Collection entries
:::

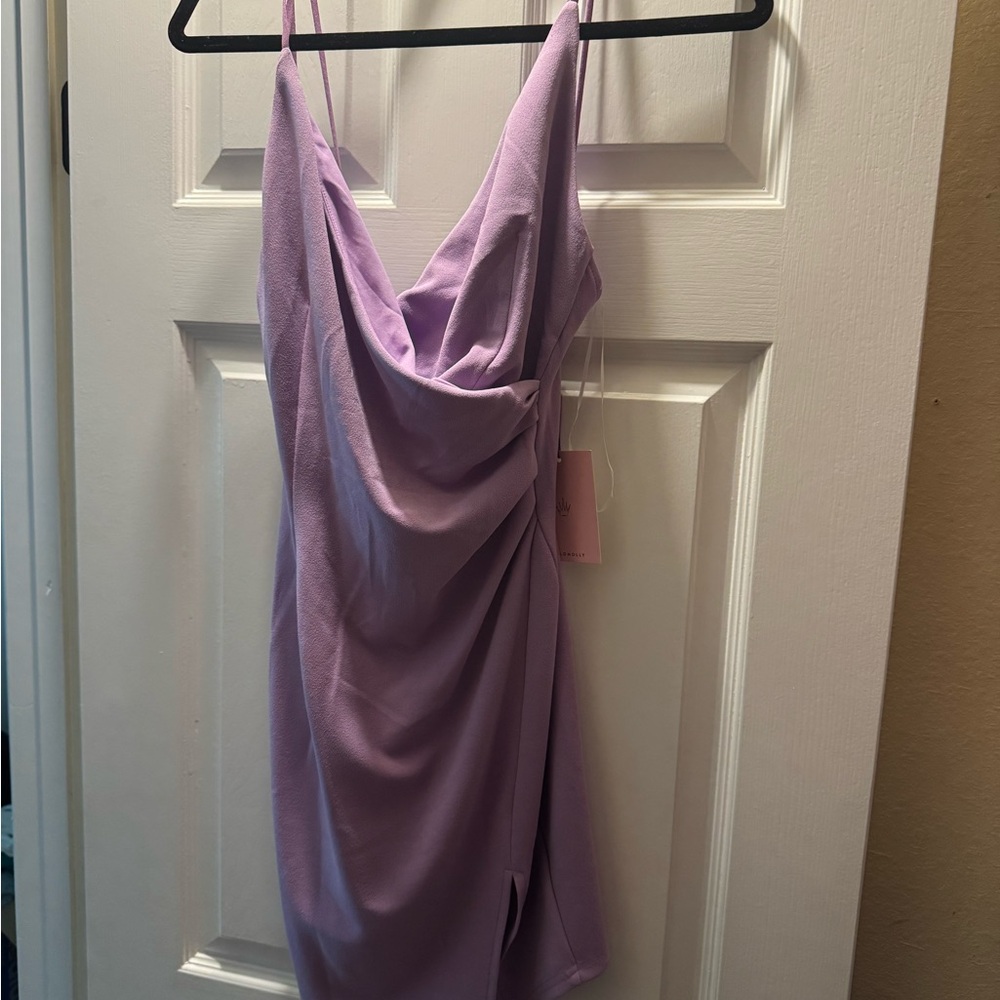 Hello Molly Lavender Wrap V-Neck Maxi Dress with Side Slit - Picture 5 of 5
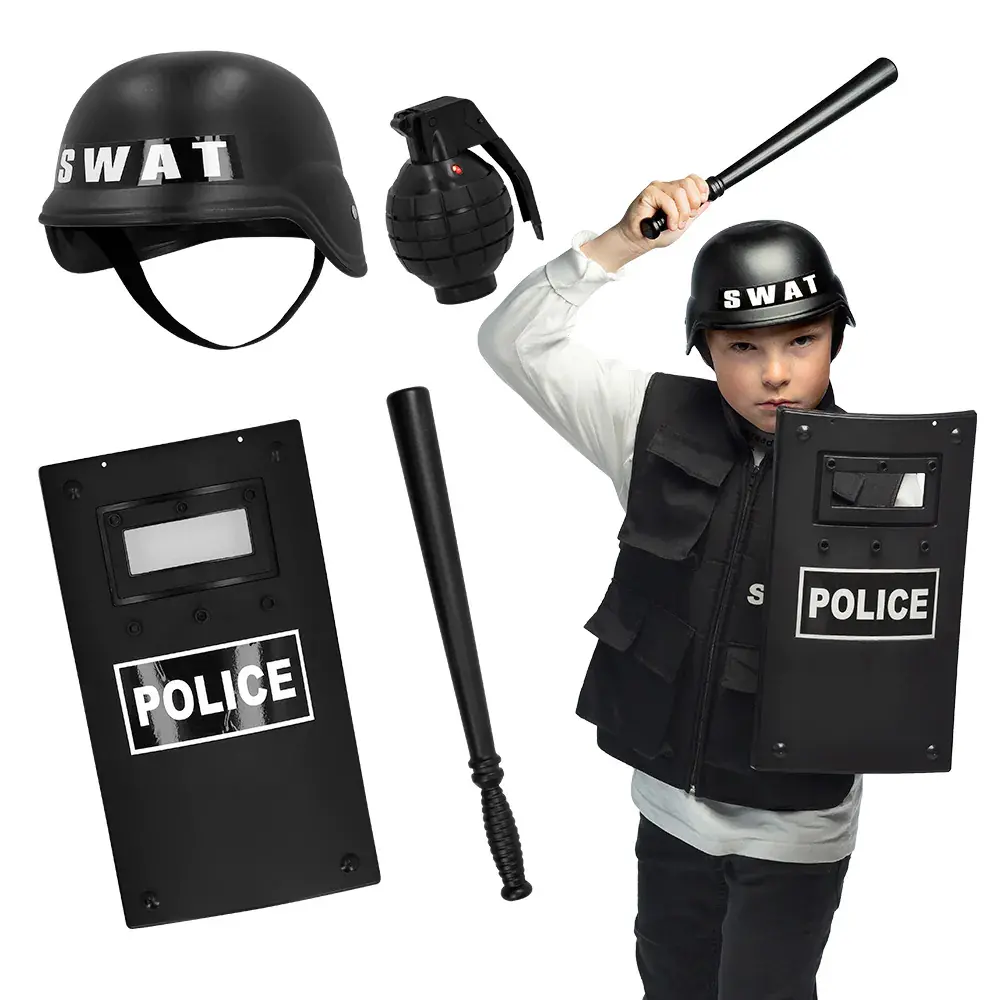 Kinderset SWAT Polizeihelm, Schild 40 cm, Schläger 40 cm und Granate 8,5 cm  - Partywinkel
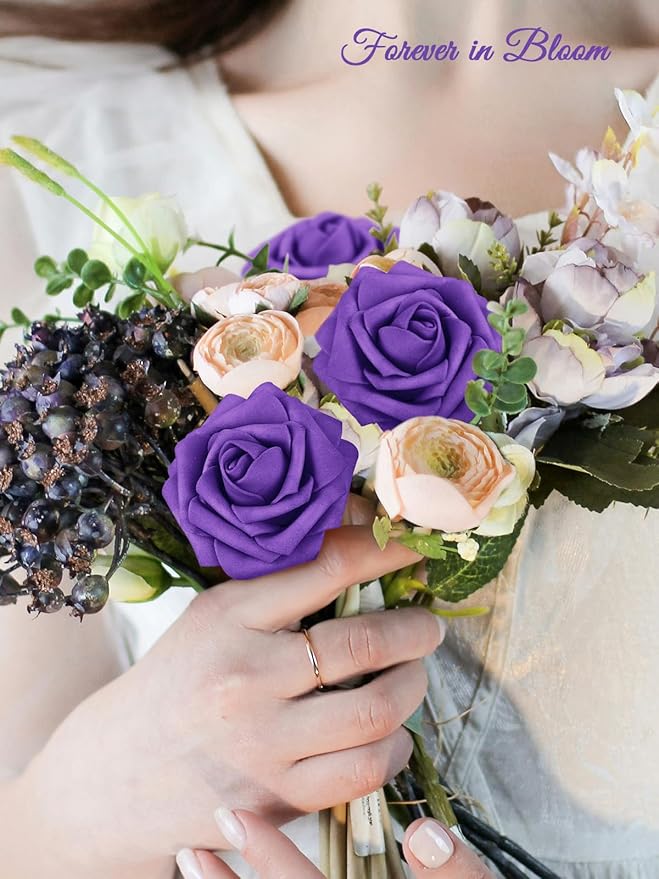 MACTING 60PCS Artificial Rose Flowers Real Touch Foam Flowers with Stem Fake Roses for DIY Wedding Bouquet Table Centerpieces Party Holiday Home Indoor Spring Valentines Day Decorations,Purple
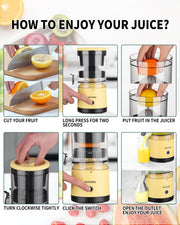 Electric Juicer Rechargeable - Citrus Juicer Machines with USB and Cleaning Brush Portable Juicer for Orange, Lemon, Grapefruit - Grill Parts America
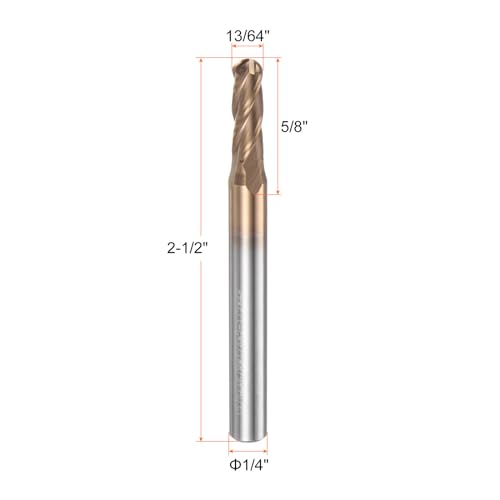 Image of HARFINGTON Ball Nose End Mill 4 Flute 13 /64 inch Diameter 1 /4 inch Shank Tungsten Carbide Spiral CNC Router Bits 5 /8 inch Cutting Length Single End Ball Cutting Tool for Carving Engraving Grinding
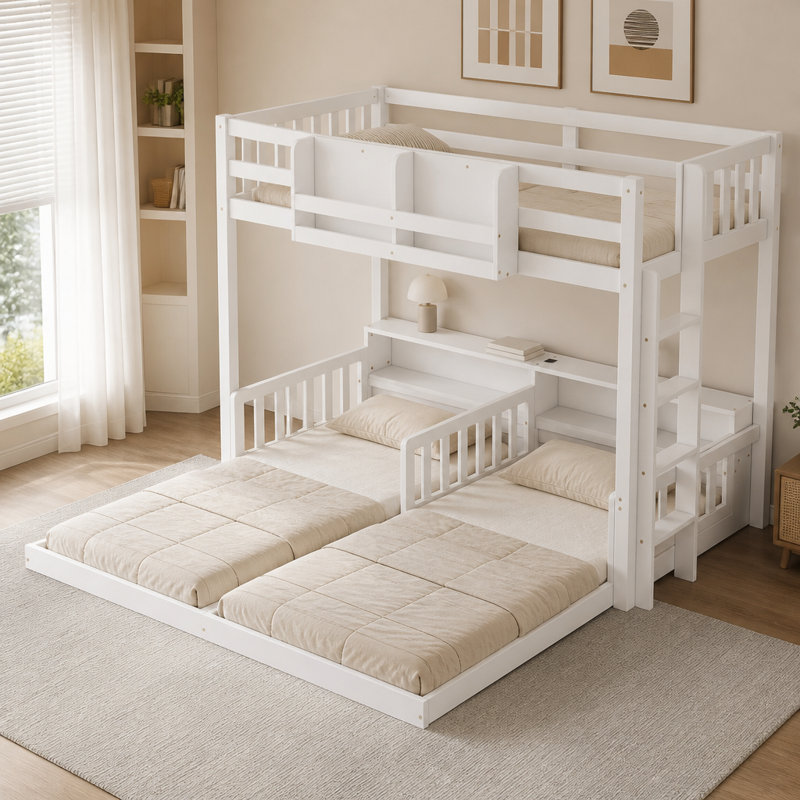 Triple Bunk Bed with Storage Shelves, Blanc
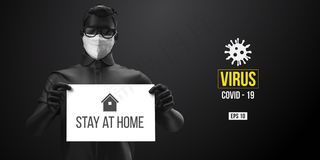 新型冠状病毒。黑衣人戴着黑色背景上的白色面具。呆在家里。在家工作。医用口罩和病毒防护。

:::

#### What is required:
Please write out the lines above exactly, from the one that contains "Image of HARFINGTON" through the final line, and include none of the pictures.

#### Reply to the exercise:
 Image of HARFINGTON Ball Nose End Mill 4 Flute 13 /64 inch Diameter 1 /4 inch Shank Tungsten Carbide Spiral CNC Router Bits 5 /8 inch Cutting Length Single End Ball Cutting Tool for Carving Engraving Grinding
 Triple Bunk Bed with Storage Shelves, Blanc
 新型冠状病毒。黑衣人戴着黑色背景上的白色面具。呆在家里。在家工作。医用口罩和病毒防护。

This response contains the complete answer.